The Anglo Saxon Chronicles
[click on the picture to see the rest of the list]
This is the oldest history of England to have survived . It was probably commissioned by King Alfred who had copies made for each of the big monasteries in England. Once the copy was delivered the local monks would keep their copy up to date, adding to it year by year, in one case until 1154. This is the first major work ever to be written in English
The illustration shows page one of the Peterborough Chronicle. None of the original documents have survived, vellum dries out and cracks and ink flakes, but as soon as a manuscript became hard to read a fair copy would be made. Eight of these copies, plus one fragment, have survived.
The value of the Chronicle is that major events are recorded for each year. Why were monks entrusted with the compilation of the emerging nation’s history? At the time churchmen were almost the only people who could write. It is thought that King alfred was literate because he has been a cleric in his youth, but generally the kings of England relied upon the civil service of highly trained clerics to read, write and figure for them.
Another good reason is that monsteries always had guest halls and so any messenger travelling with news would stop over night in the travellers hostel and would spread the news by word of mouth. The monsteries also provided banking services, fed the poor and had infrmaries to treat the sick. They were the go-to places so tended to be first to hear about illnesses, invasions or new kings and they made notes to add to their copy of the chronicle.
Some years are very terse, little more than a note. For instance in the 8th century:
A.D. 733. This year Ethelbald took Somerton; the sun was eclipsed; and Acca was driven from his bishopric.
A.D. 734. This year was the moon as if covered with blood; and Archbishop Tatwine and Bede departed this life; and Egbert was consecrated bishop.
A.D. 735. This year Bishop Egbert received the pall at Rome.
A.D. 736. This year Archbishop Nothelm received the pall from the bishop of the Romans.
Short entries about what the monks considered most important. However the following year is more informative:
A.D. 737. This year Bishop Forthere and Queen Frithogitha went to Rome; and King Ceolwulf received the clerical tonsure, giving his kingdom to Edbert, his uncle’s son: who reigned one and twenty winters. Bishop Ethelwold and Acca died this year, and Cynewulf was consecrated bishop. The same year also Ethelbald ravaged the land of the Northumbrians.

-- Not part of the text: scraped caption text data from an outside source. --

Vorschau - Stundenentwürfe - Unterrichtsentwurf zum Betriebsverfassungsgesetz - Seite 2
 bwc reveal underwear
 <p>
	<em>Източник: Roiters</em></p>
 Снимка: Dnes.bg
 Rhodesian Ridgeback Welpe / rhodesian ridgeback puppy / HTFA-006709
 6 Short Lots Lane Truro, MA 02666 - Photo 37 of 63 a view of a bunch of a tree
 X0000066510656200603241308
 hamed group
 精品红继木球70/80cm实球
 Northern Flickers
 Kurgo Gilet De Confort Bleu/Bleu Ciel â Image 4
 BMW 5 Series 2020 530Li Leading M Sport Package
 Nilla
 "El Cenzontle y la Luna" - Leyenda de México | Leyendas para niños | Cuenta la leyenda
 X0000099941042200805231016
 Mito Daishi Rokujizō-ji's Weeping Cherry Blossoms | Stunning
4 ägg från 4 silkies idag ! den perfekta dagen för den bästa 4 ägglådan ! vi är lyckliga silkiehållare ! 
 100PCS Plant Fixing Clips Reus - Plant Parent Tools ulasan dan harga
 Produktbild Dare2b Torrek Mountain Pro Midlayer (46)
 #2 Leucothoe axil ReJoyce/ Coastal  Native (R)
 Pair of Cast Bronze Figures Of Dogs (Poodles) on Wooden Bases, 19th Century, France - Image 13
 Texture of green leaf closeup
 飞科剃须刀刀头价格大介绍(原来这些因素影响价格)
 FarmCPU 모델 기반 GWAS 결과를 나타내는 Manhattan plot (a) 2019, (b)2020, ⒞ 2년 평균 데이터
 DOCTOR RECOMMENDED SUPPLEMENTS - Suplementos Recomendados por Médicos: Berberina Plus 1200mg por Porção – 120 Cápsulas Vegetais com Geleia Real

So in this year we have long distance travelling, an abdication, a new bishop and an attack on Northumbia. Other years are even more locquacious – 755’s entry runs to several hundred words, concerns a coup and reads like flash fiction – and others give the monks eye view of historical events that are very famous:
A.D. 793. This year came dreadful fore-warnings over the land of the Northumbrians, terrifying the people most woefully: these were immense sheets of light rushing through the air, and whirlwinds, and fiery, dragons flying across the firmament. These tremendous tokens were soon followed by a great famine: and not long after, on the sixth day before the ides of January in the same year, the harrowing inroads of heathen men made lamentable havoc in the church of God in Holy-island, by rapine and slaughter. Siga died on the eighth day before the calends of March.
Oh those Vikings!
I like the chronicle because it only takes five minutes reading to provide half a dozen plot bunnies. Always a useful thing.